Africa is the world’s third largest continent for global forest area, most of which is concentrated in central and southern countries characterised by a tropical climate like Zambia, Angola, Tanzania, and the Democratic Republic of Congo (DRC). The latter has the world’s second-largest rainforest: boasting an area five times the size of France and with nearly 152 million hectares of forests, the Congo Basin has been renamed the ‘lungs of the planet’.

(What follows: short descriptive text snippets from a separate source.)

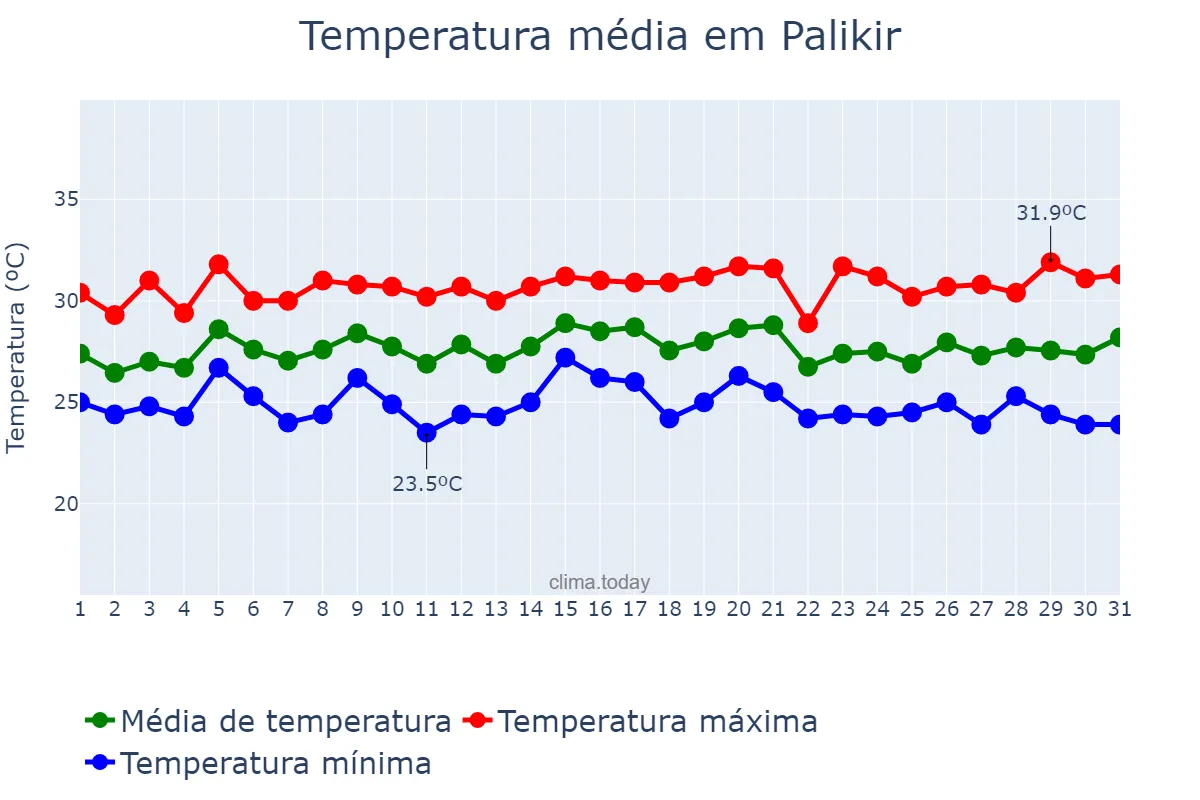Temperatura em maio em Palikir, Pohnpei, FM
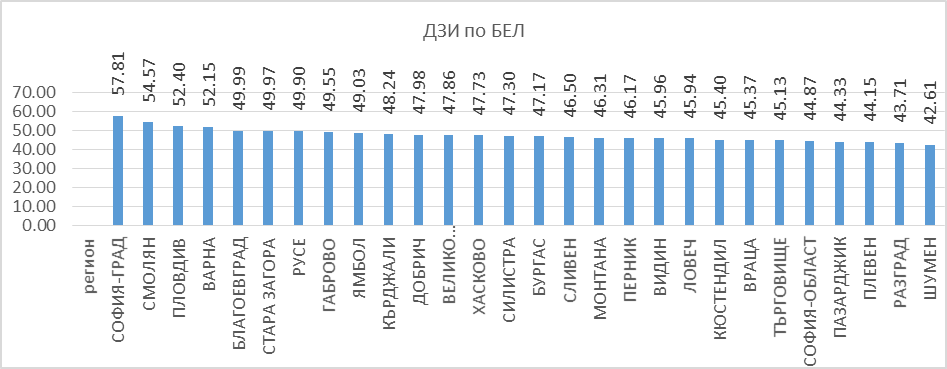 Русе е на 7-мо място по среден успех като резултат на изпита по БЕЛ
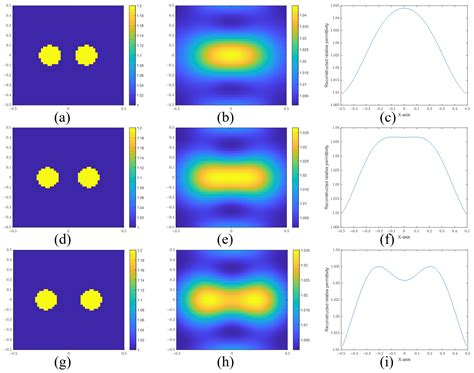 A Novel Analysis of Super-Resolution for Born-Iterative-Type Algorithms ...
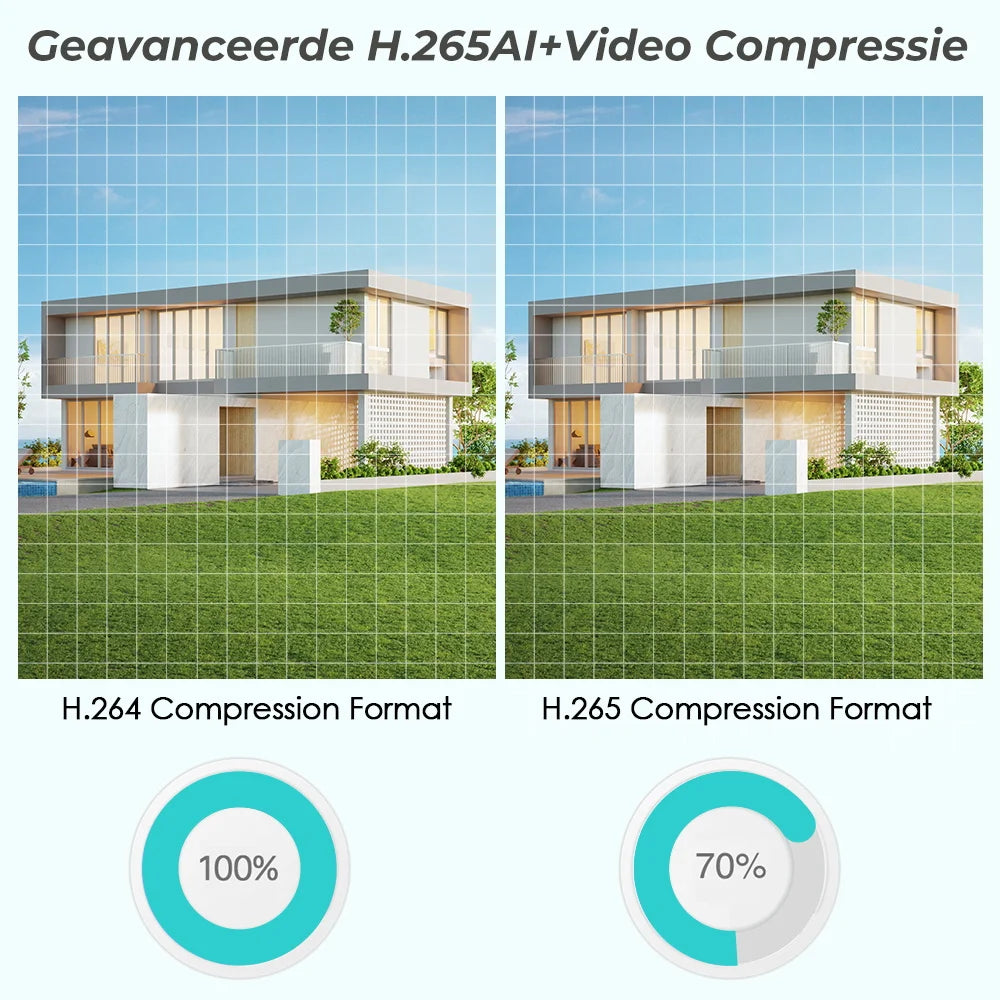 Cámara IP HD Abuntu de 5 MP con audio de 4 MP, compatible con H.265, ONVIF, detección humana por IA y Wi-Fi. Compatible con la aplicación ICSEE/XMeye.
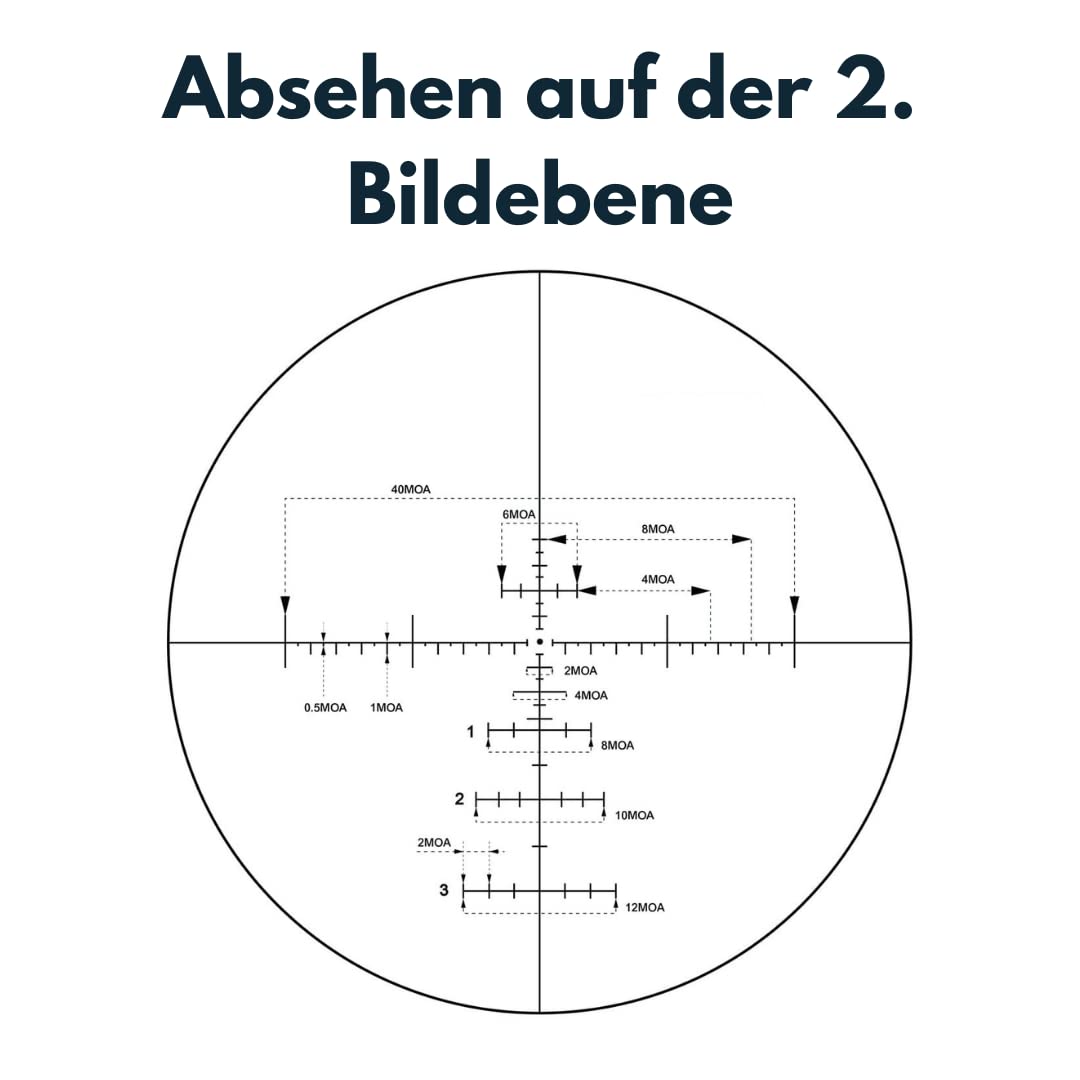 VECTOR OPTICS Everest luneta celownicza 3-18 x 50 z szyną 21 mm Picatinny i szkłami Schott-Germany – wygląd celowy na polowania, airsoft, wiatrówki, kusze i strzelców sportowych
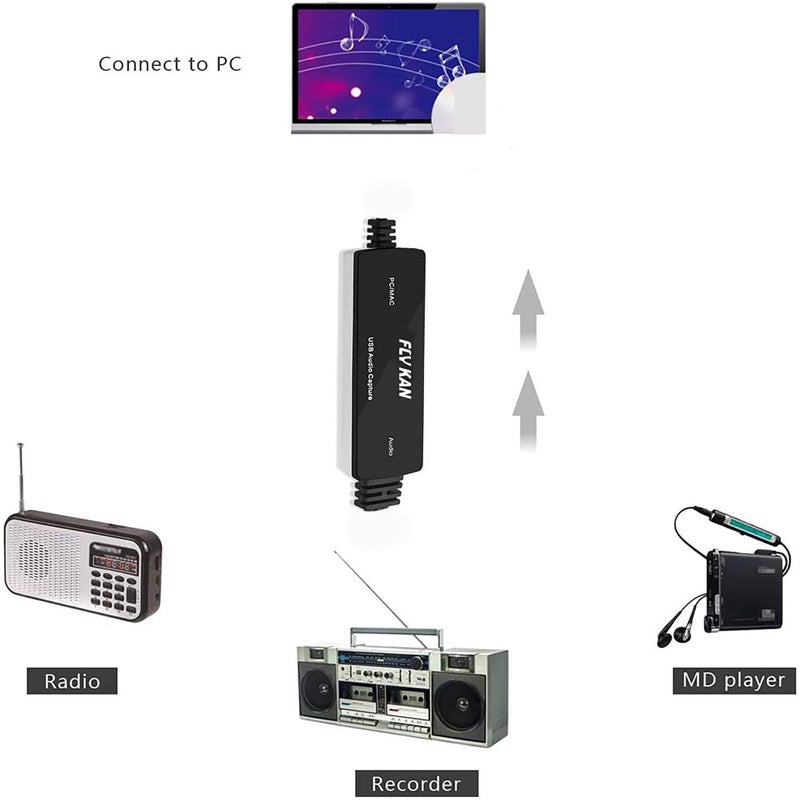 Fly Kan بطاقة التقاط الصوت FLY KAN USB 2.0 لنظام ويندوز 10/8.1/8/7 ونظام ماك OS 10.14 - جهاز تسجيل الصوت لأشرطة الكاسيت الفينيل إلى محول mp3 - Image 2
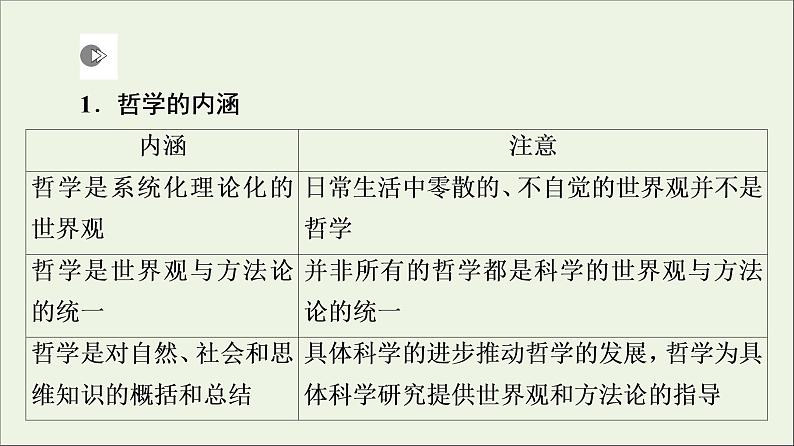 课件 2021高考政治二轮复习第1部分专题整合突破10探索世界与追求真理第1课时客观题满分固本课件第7页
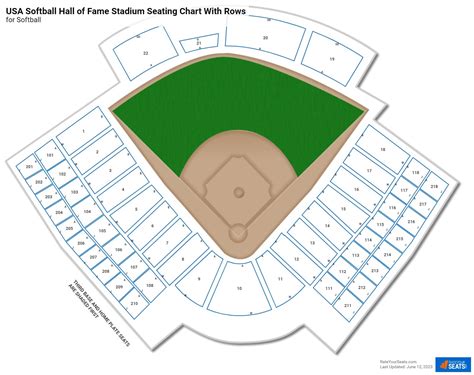 Devon Park Seating Chart With Seat Numbers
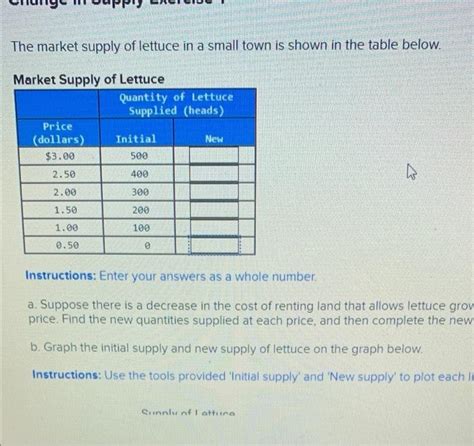 Solved The market supply of lettuce in a small town is shown | Chegg.com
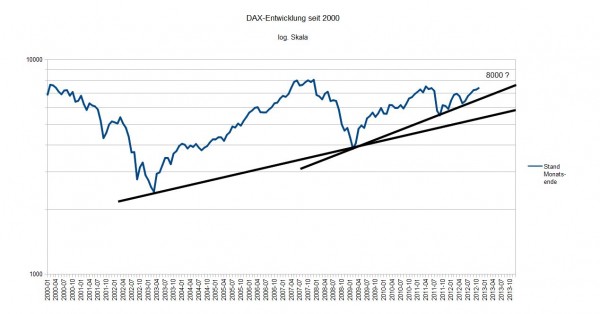 DAX-Entwicklung seit 2000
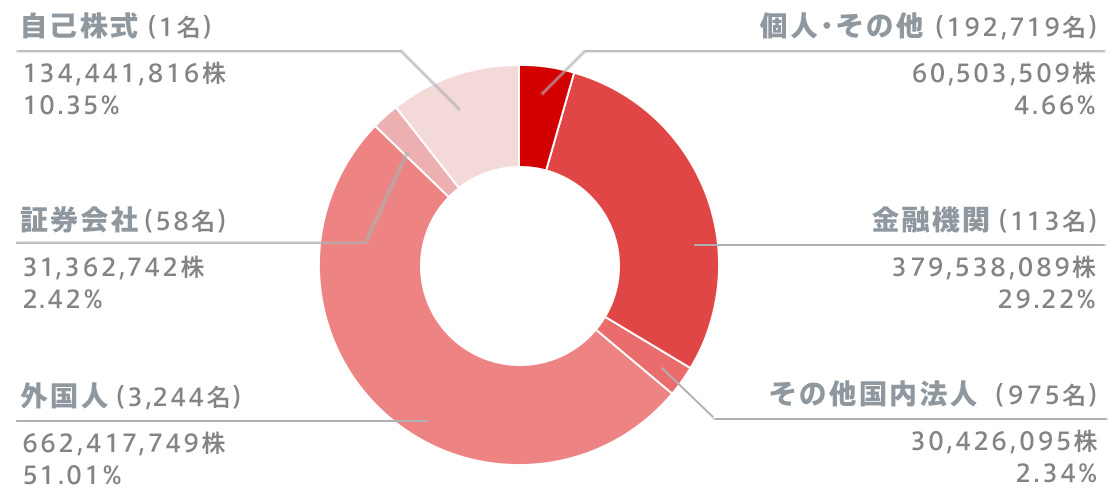 所有者別分布状況
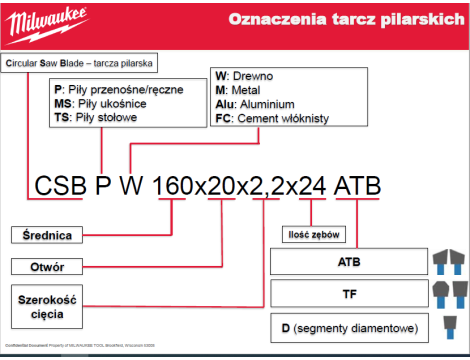 MILWAUKEE PIŁA TARCZOWA 165x15.87x24z ATB CSB P W - DREWNO - SZYBKIE CIĘCIE - 2
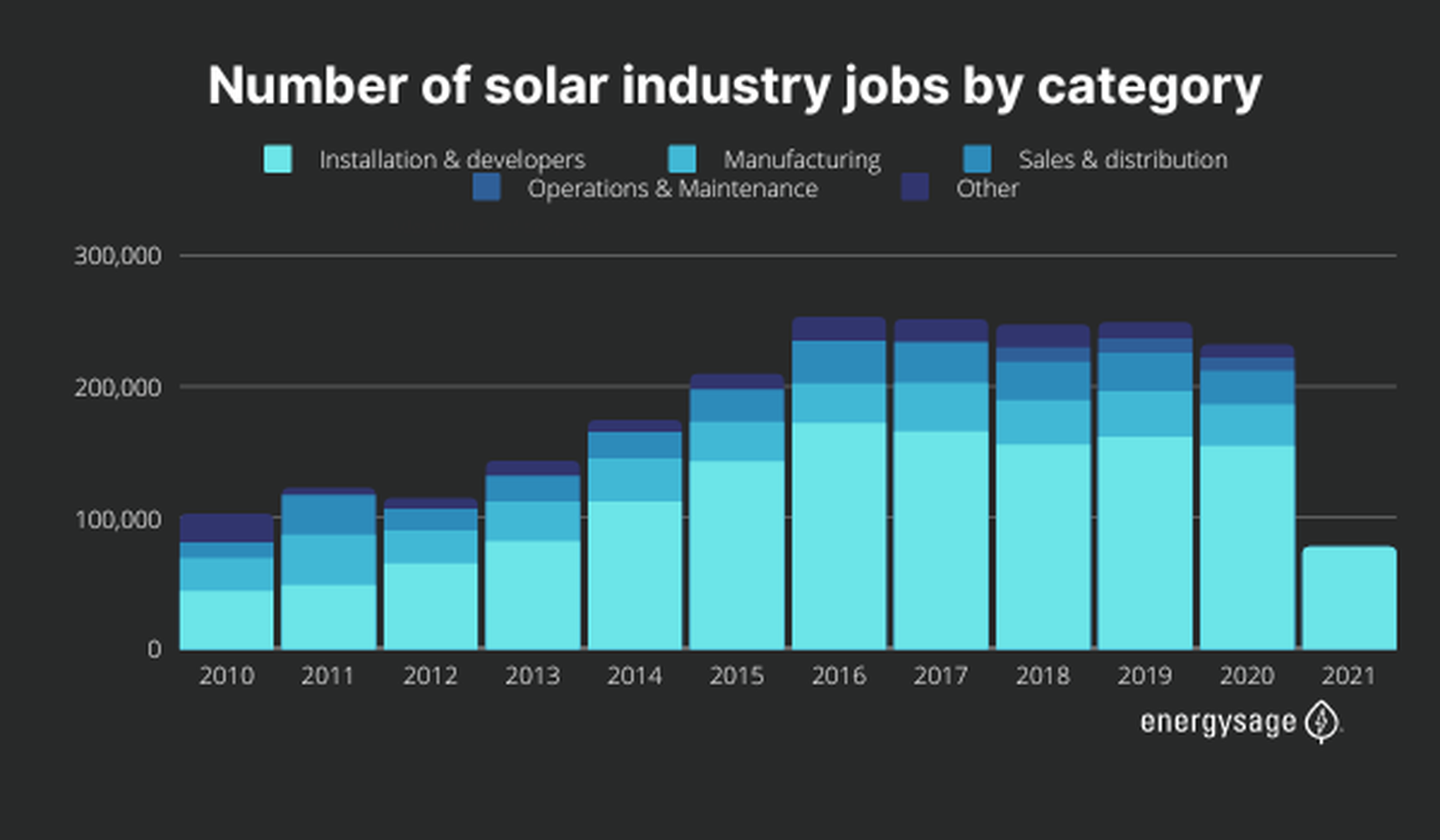 Number of solar industry jobs by category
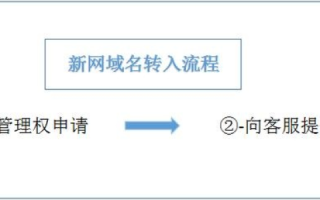 网站域名可以转让几次，探索域名的流转规则与限制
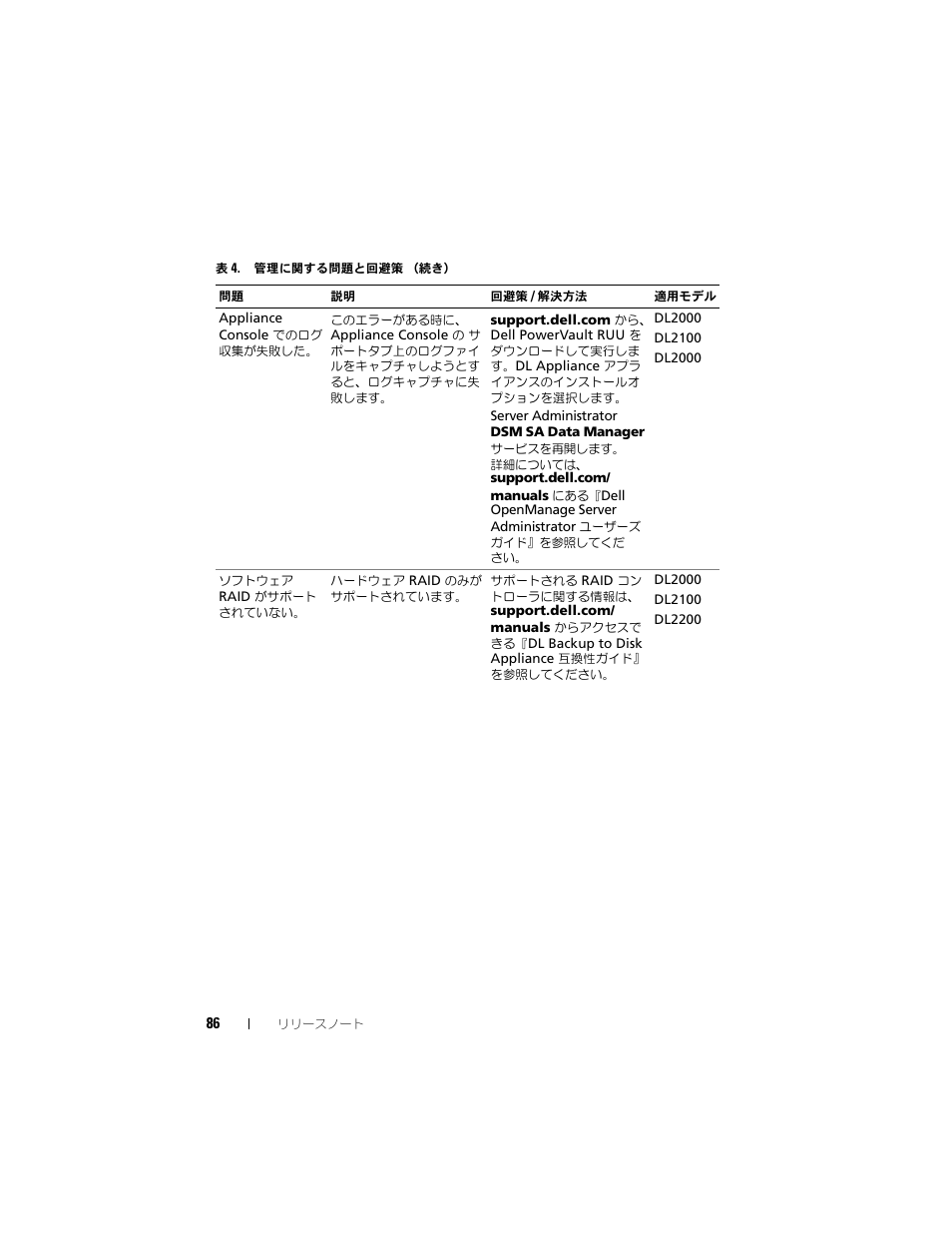 Dell PowerVault DL2200 CommVault User Manual | Page 86 / 138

Figure 1: Land Use in Africa
At the same time, 66% of Africa is classified as dryland. Because of the hot and arid climate that characterises these desertic areas, tree coverage here is approximately 17% of the total land. While deforestation has decreased globally in recent years, the rate of loss of forest area in Africa has increased steadily since 1990, weakening the ability of the continent’s ecosystem to withstand climate change. Indeed, forests play a crucial role in maintaining a healthy and prosperous environment. They act as watersheds, defend the land against soil erosion, regulate local weather conditions, and trap greenhouse gases – a key element in the race against global warming. But what are the main causes of deforestation in Africa and what could save the continent from the devastating impacts of this phenomenon?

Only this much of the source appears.